• [Assignment]
Within the entries below, find the portion that opens with the line containing "Building Photo - AVAILABLE NOW!" and closes with the line containing "Neonazi-Demo gegen Flüchtlinge, Berlin". Retype that portion exactly and only.

Caption-style text data:
══════════
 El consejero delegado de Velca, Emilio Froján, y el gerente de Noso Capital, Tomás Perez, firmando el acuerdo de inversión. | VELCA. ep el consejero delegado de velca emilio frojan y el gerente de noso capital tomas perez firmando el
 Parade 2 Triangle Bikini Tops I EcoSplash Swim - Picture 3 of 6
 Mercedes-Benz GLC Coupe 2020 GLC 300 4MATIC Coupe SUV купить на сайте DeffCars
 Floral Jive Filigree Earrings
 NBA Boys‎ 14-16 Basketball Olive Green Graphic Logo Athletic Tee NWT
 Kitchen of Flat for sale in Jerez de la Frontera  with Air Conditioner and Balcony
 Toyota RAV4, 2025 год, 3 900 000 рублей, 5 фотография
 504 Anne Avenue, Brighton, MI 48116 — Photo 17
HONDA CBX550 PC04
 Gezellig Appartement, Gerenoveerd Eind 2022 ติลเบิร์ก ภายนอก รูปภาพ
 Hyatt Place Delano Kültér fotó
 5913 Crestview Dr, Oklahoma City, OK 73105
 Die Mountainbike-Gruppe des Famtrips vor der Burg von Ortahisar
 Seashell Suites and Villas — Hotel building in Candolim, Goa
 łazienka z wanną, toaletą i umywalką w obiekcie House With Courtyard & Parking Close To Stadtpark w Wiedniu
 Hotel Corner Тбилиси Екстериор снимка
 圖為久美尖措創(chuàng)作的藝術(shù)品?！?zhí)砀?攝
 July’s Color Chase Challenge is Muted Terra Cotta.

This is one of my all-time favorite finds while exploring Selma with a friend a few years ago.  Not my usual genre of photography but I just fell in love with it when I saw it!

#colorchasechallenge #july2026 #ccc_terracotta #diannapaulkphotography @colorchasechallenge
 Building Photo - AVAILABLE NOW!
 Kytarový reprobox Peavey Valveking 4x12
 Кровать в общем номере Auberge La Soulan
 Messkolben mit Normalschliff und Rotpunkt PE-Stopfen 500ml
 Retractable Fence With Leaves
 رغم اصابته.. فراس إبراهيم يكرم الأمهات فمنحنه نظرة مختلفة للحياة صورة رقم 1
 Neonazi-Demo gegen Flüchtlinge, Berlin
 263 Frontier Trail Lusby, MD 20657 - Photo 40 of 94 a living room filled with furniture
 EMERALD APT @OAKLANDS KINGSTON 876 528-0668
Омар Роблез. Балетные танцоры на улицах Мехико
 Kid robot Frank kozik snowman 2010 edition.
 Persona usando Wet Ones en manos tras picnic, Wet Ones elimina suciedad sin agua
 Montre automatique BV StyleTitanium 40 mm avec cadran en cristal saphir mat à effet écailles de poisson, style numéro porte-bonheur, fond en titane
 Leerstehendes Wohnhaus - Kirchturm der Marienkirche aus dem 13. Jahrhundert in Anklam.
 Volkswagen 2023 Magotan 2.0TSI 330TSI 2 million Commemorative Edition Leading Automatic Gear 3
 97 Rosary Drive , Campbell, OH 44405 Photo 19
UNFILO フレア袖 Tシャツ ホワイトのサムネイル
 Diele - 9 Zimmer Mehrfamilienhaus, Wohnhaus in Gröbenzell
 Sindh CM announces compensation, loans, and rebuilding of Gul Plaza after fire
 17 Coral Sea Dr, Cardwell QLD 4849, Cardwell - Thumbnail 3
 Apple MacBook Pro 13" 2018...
══════════
• [Result below]
 Building Photo - AVAILABLE NOW!
 Kytarový reprobox Peavey Valveking 4x12
 Кровать в общем номере Auberge La Soulan
 Messkolben mit Normalschliff und Rotpunkt PE-Stopfen 500ml
 Retractable Fence With Leaves
 رغم اصابته.. فراس إبراهيم يكرم الأمهات فمنحنه نظرة مختلفة للحياة صورة رقم 1
 Neonazi-Demo gegen Flüchtlinge, Berlin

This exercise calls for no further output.